Actifs depuis 1986 et visiblement immunisés contre toute forme de maturité, les Boulonnais sont venus défendre leur nouvel album en date, C'Est Pas À Vous Qu'Ça M’Arriverait sorti le 21 février 2025 sur le label At(h)ome, après 12 ans de silence discographique. Ça se fête ! Et même si le groupe était déjà venu à Toulouse en 2021, il compte bien mettre en place ce soir - comme à son habitude - un set survitaminé en mixant ska, rock, punk et chanson populaire dans un grand carnaval sonore où tout est prétexte à la fête et à la dérision (« Femme Mûre », « Les Neurones À Crêtes », la reprise des Satellites « Le Mouton Kabyle », …). En plus c’est l’anniversaire du bassiste Bouli, donc la bamboche n’en sera que plus folle ! En effet, sur scène, ça saute, ça slame, ça virevolte dans un capharnaüm organisé où chacun semble rivaliser d’énergie pour pousser le délire toujours plus loin entre blagues potaches entre deux morceaux, mini-scènes burlesques improvisées ou déguisements improbables échangés à la volée.

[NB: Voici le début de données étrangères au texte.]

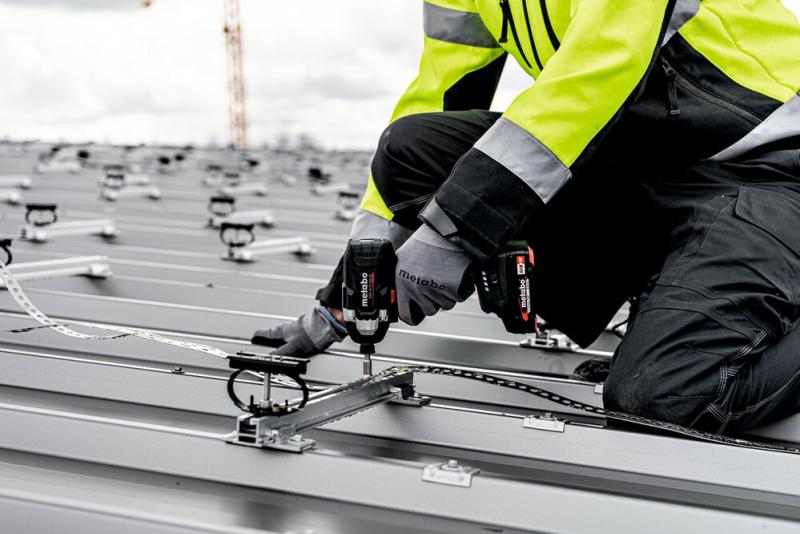 Акумуляторний ударний гайковерт Metabo SSD 18 LT 200 BL (602397850) (без АКБ та ЗП), фото 3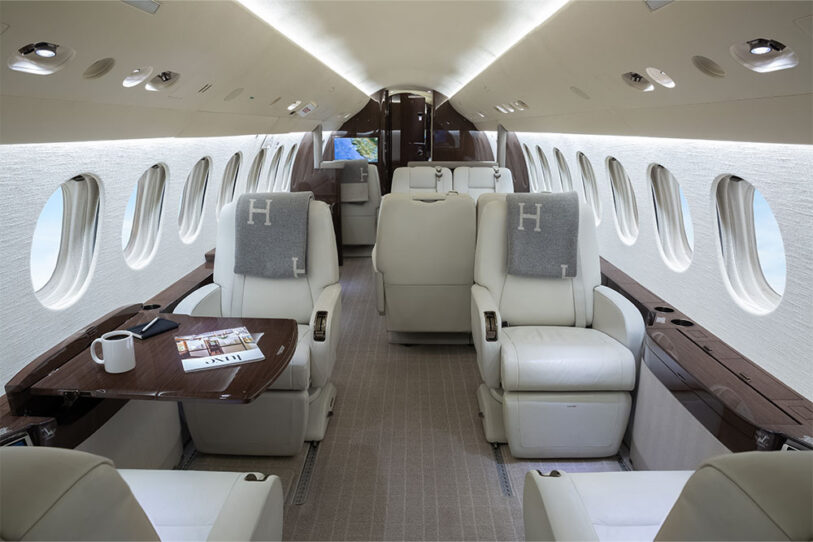 Mry Falcon 7X – MRY Charter Plane | Solairus Aviation
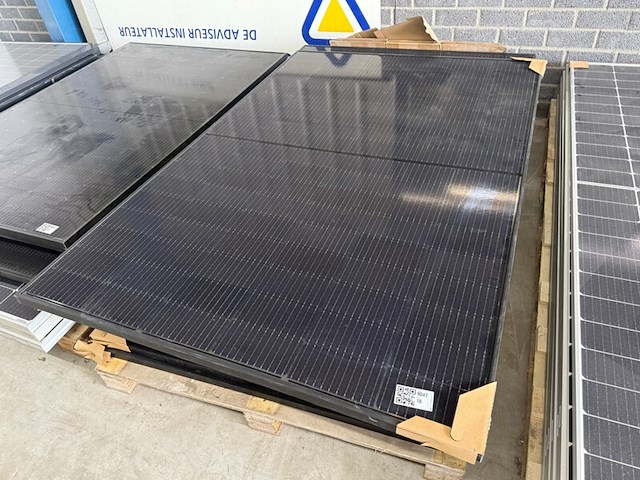 13x zonnepaneel jolywood jw-hd108n-410, glas/glas - afbeelding 3 van  4
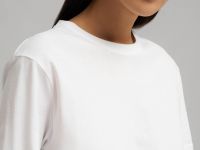 Свободная футболка comfort fit из хлопкового джерси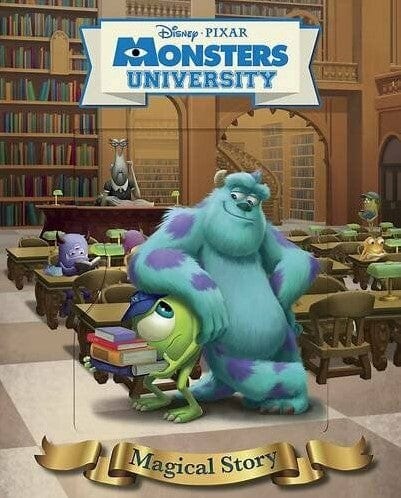 monsters inc library Disney Pixar: Monsters University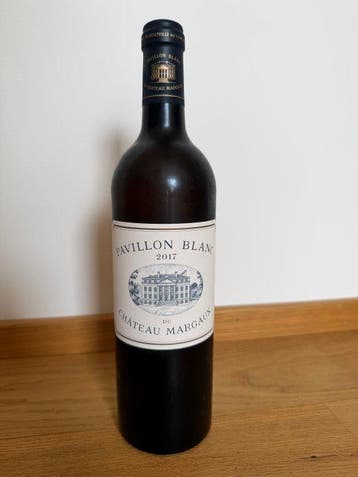 2017 Pavillon Blanc du Château Margaux - Bordeaux, Margaux -, Nieuw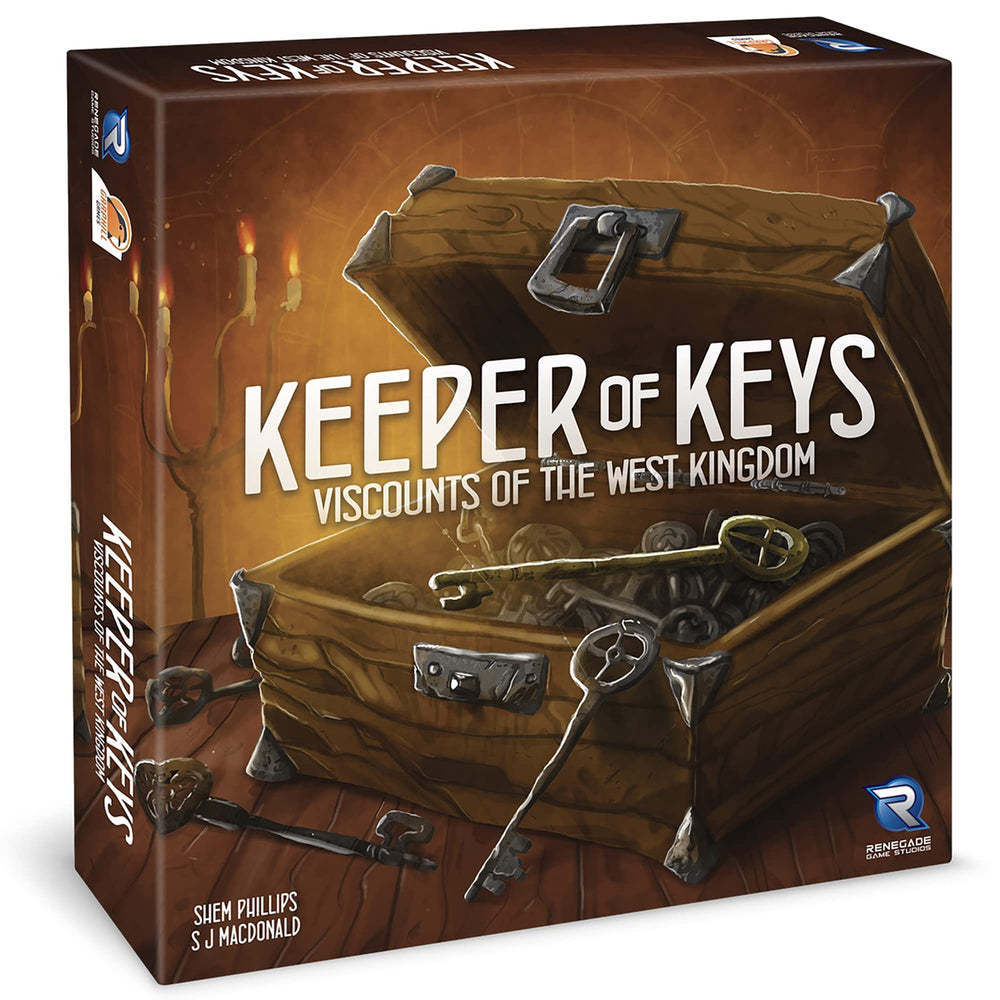 Renegade Viscounts Keeper of Keys chest tiles expand your tableau options for strategic play.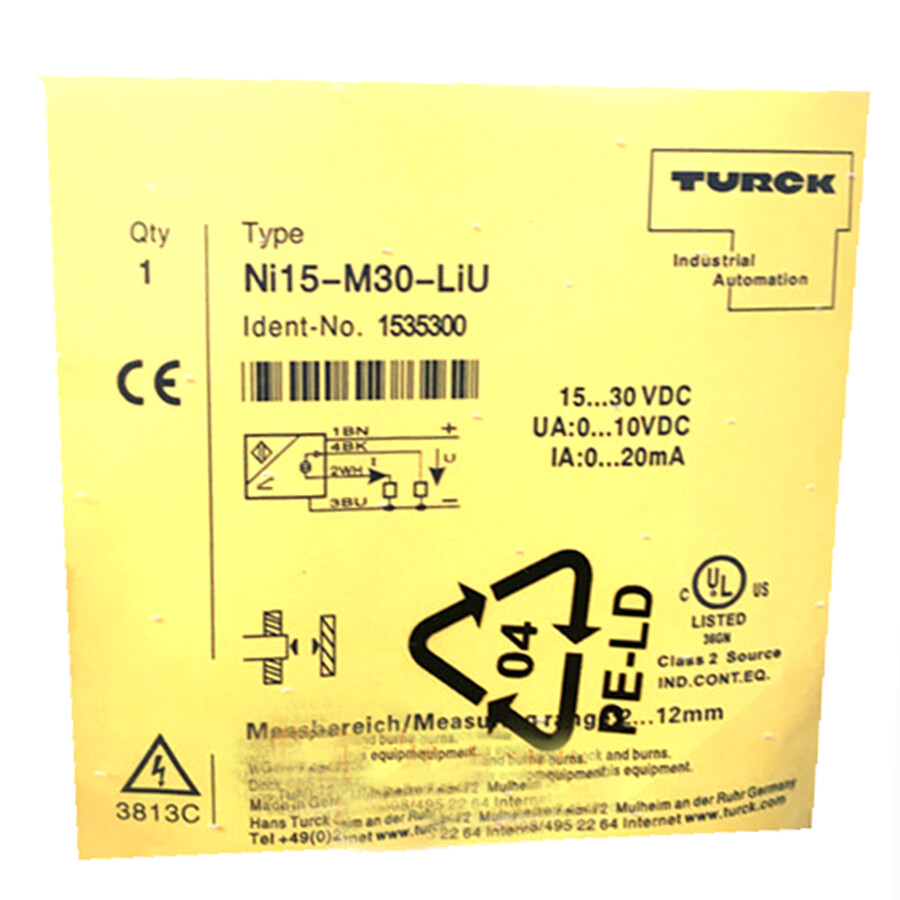 TURCK  NI15-M30-LIU 1535300 Inductive sensor #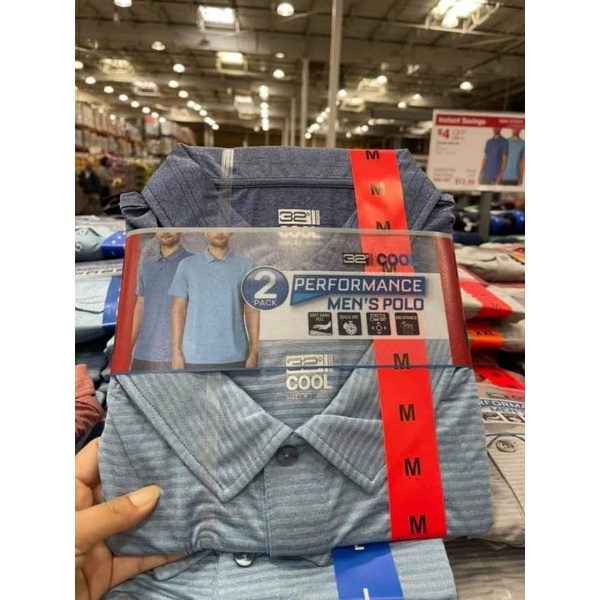 👕👕SET ÁO (2 CÁI POLO)  32 ĐỘ COOL NAM👕👕 made in USA | BigBuy360 - bigbuy360.vn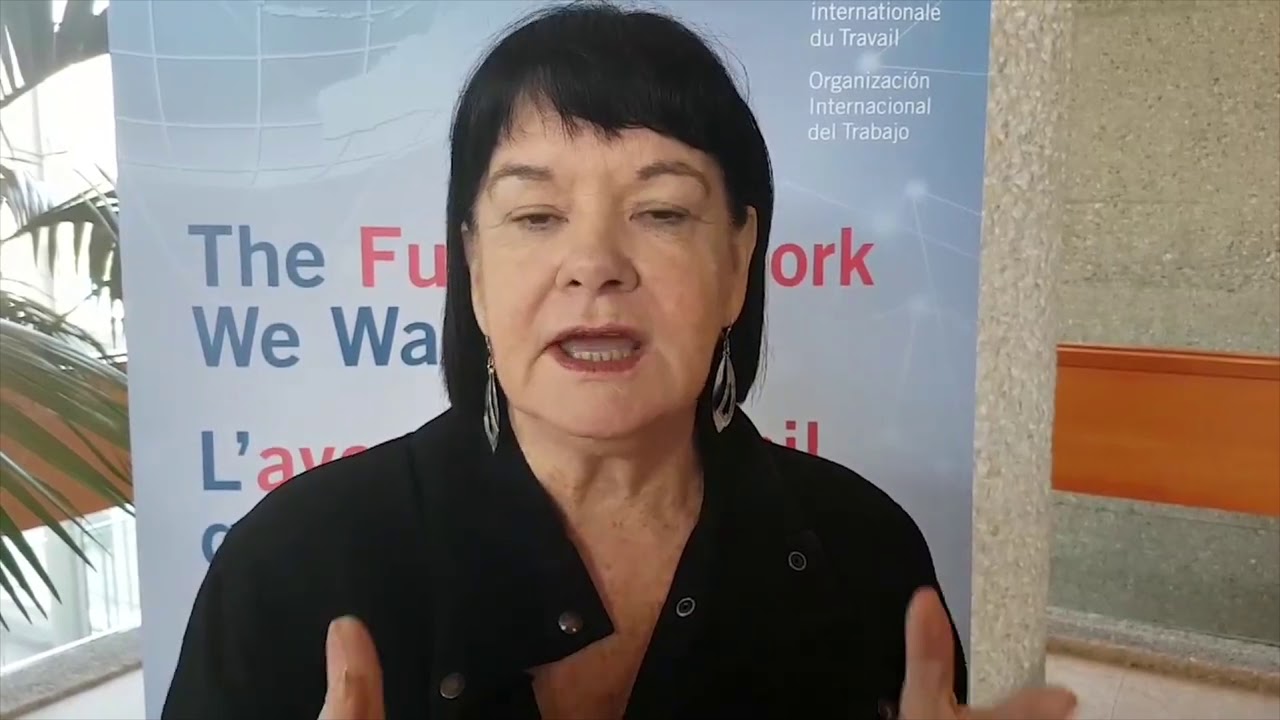 Future of Work: Interview with Sharan Burrow, ITUC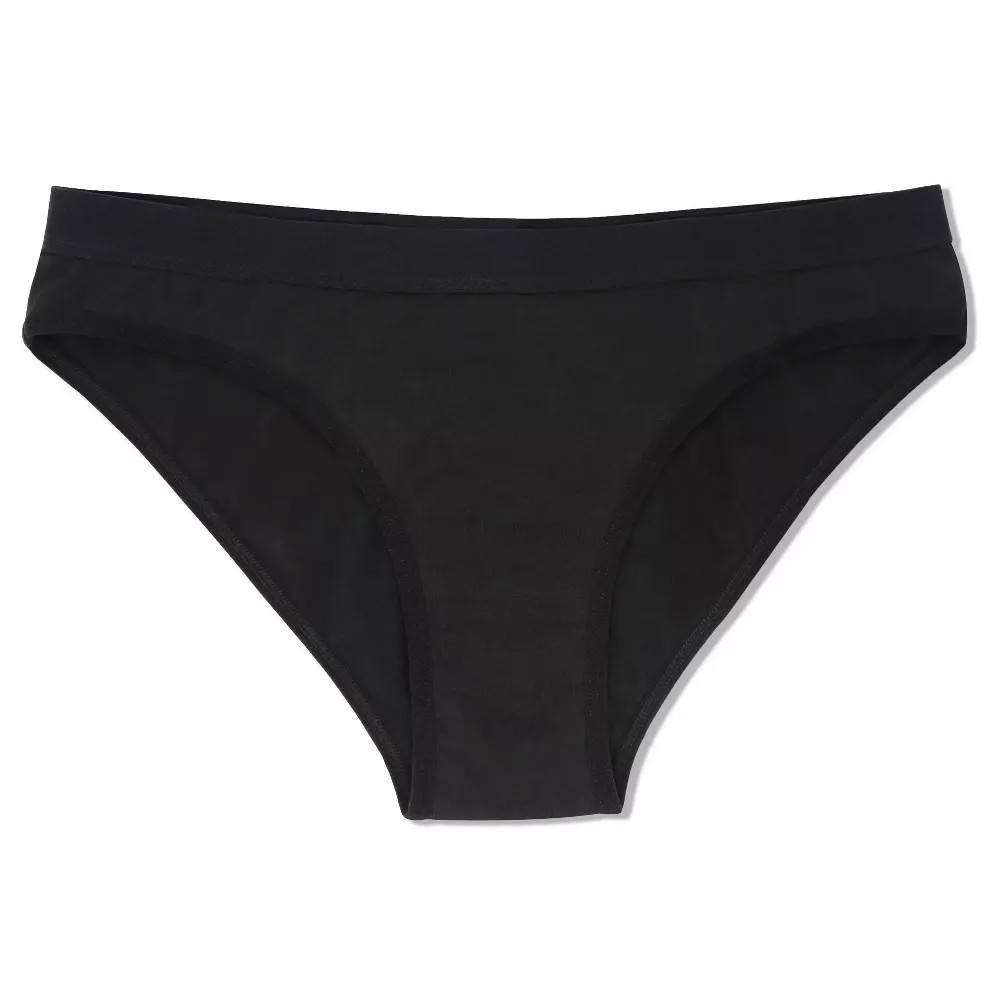 Cora Period Underwear, Black
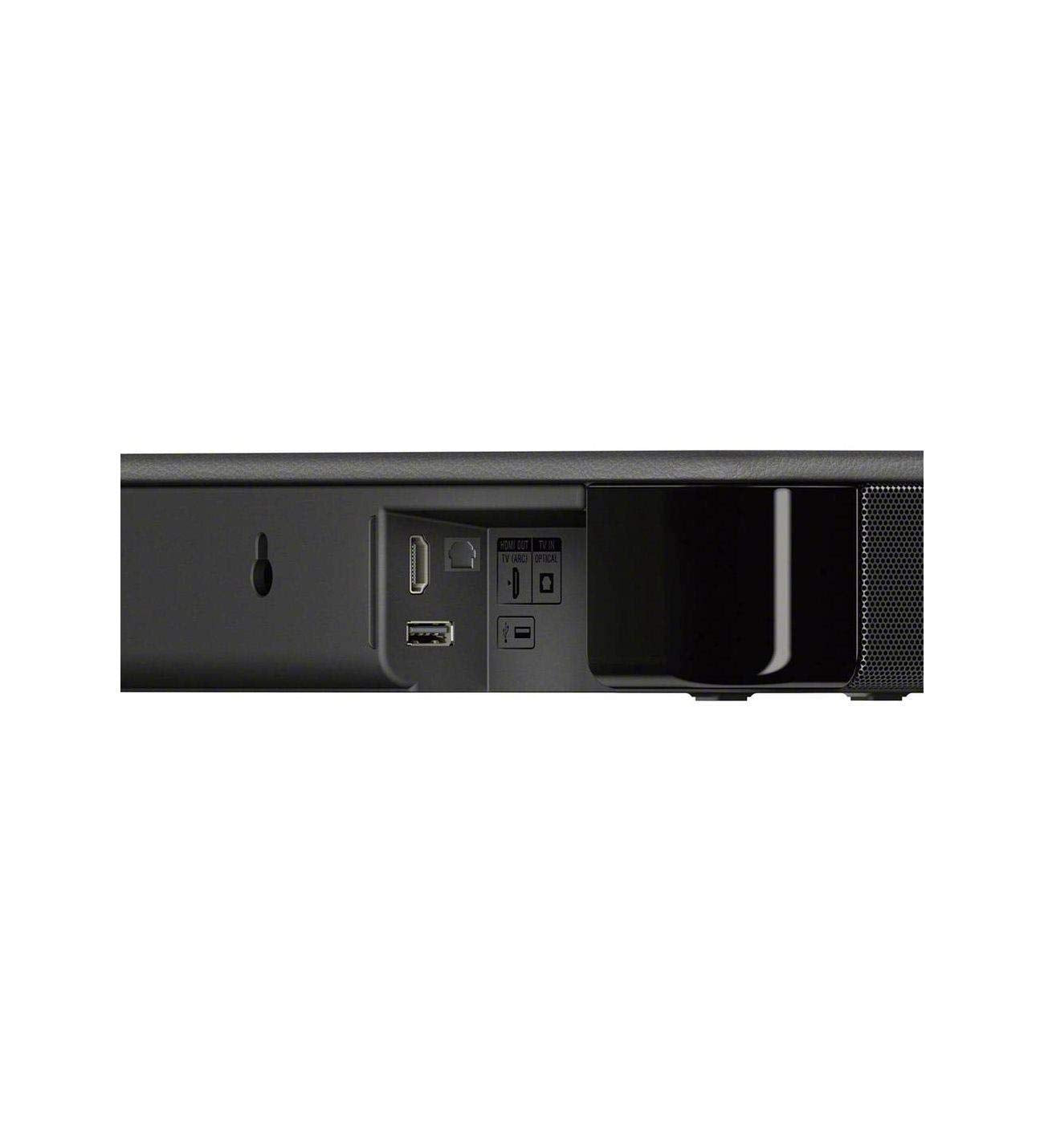 Sony HTSF150 - Barra de Sonido compacta con Bluetooth, Negro, 90 x 6.4 x 8.8 cm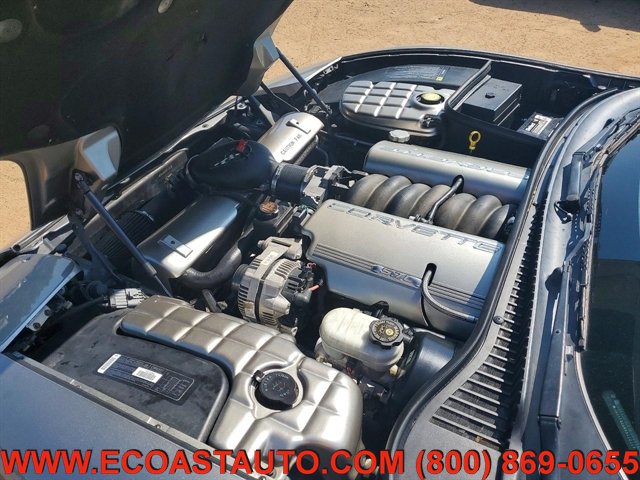 Used 1999 Chevrolet Corvette Convertible w/ Memory Pkg RWD image 7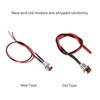 Kodrily 12V LED Indicator Light, 4Pcs Indicator Lamp, Panel Hole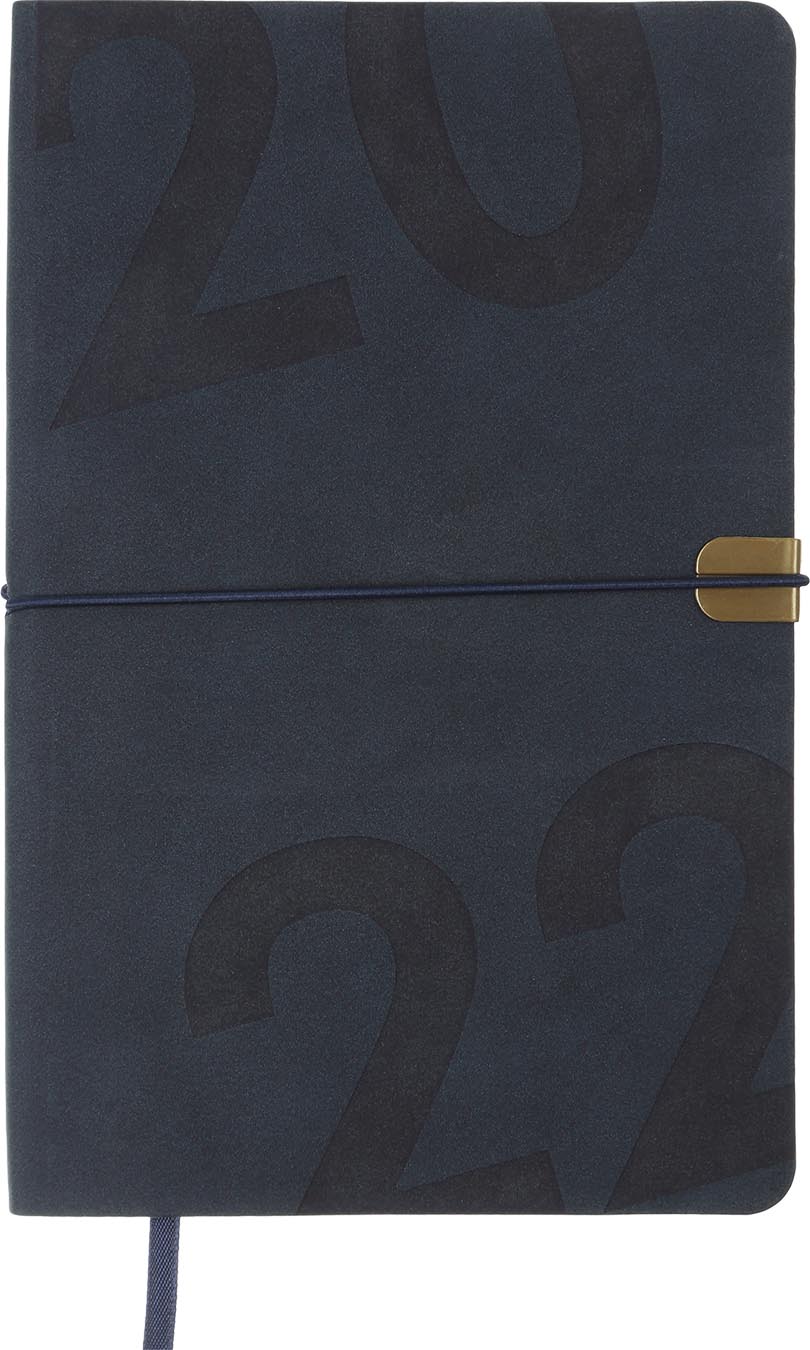 

Еженедельник датированный Buromax Best A5 на 136 страниц Синий (BM.2704-02)
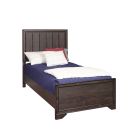 Samuel Lawrence Granite Falls Kids Panel Bed Headboard in Espresso Brown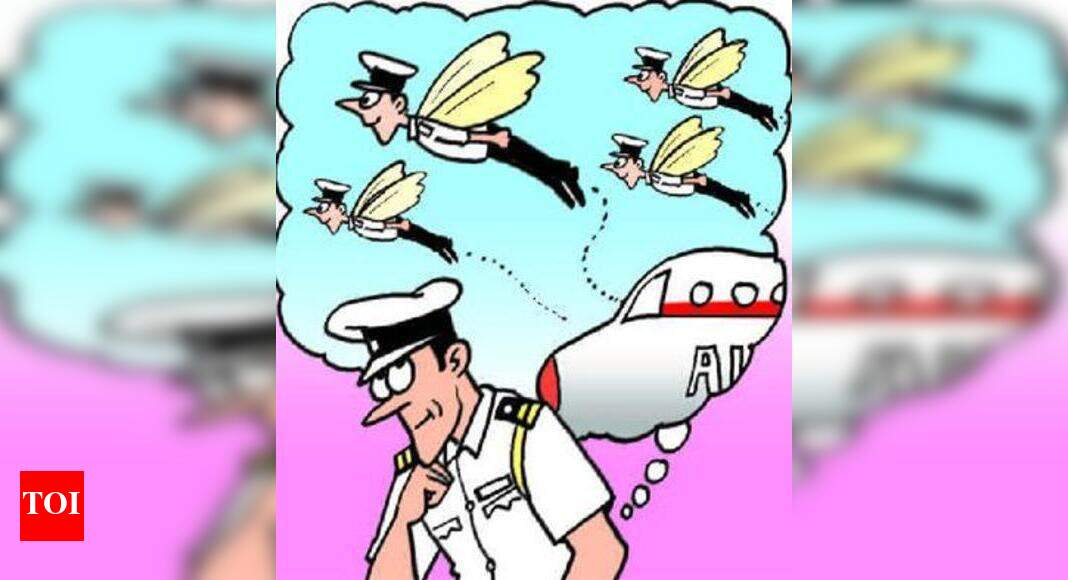 Grounded pilot who risked 200 lives permitted to train | Mumbai News ...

Autant dire que le public, chauffé à blanc dès les premiers titres, entre instantanément dans la danse, se donne à fond dans le pit et répond aux moindres sollicitations du chanteur Mouloud. Visiblement heureux d’être de nouveau sur scène pour présenter son nouvel album, Marcel Et Son Orchestre dévoile ses tous nouveaux morceaux chaudement accueillis par le parterre du Bikini avec une ferveur insolente à l’instar de « Stigmatisez-moi ! », « Quand On Sait Pas Dire Non », « Maudit Karma », « Étron Flotteur », « Autocentré », « V'là L'Dégât ! » ou bien encore « Dans Ma Boudinette crachés ». Les nouvelles compositions passent ô parfaitement le baptême du live et même si certains ont découvert ces morceaux ce soir, ils les ont adoptés ! Ceci étant, entre deux nouveautés, Marcel Et Son Orchestre prend bien soin de glisser quelques classiques indémodables comme « La 7ème Compagnie En Jamaïque », « Médiseuse » ou « 62 Méfie-Te » repris en chœur par les spectateurs, dans une communion joyeusement bordélique (« Comme Un Balai »).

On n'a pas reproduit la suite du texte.